Entries follow. Give back exactly the lines starting at the one containing "Può includere: Due" and ending at the one containing "エコノミー ダブルルーム セミダブルベッド", and no other lines.

[[ DATA SHOWN, beginning ]]

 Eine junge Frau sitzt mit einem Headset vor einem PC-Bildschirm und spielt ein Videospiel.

[[ DATA SHOWN, end ]]
[[ DATA SHOWN, beginning ]]

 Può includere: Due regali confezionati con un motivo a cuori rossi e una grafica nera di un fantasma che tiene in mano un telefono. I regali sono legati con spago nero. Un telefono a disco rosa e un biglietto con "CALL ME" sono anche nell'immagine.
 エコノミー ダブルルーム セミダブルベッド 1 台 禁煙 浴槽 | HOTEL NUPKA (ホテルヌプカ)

[[ DATA SHOWN, end ]]

• PROBLEM SOLUTION
 Può includere: Due regali confezionati con un motivo a cuori rossi e una grafica nera di un fantasma che tiene in mano un telefono. I regali sono legati con spago nero. Un telefono a disco rosa e un biglietto con "CALL ME" sono anche nell'immagine.
 エコノミー ダブルルーム セミダブルベッド 1 台 禁煙 浴槽 | HOTEL NUPKA (ホテルヌプカ)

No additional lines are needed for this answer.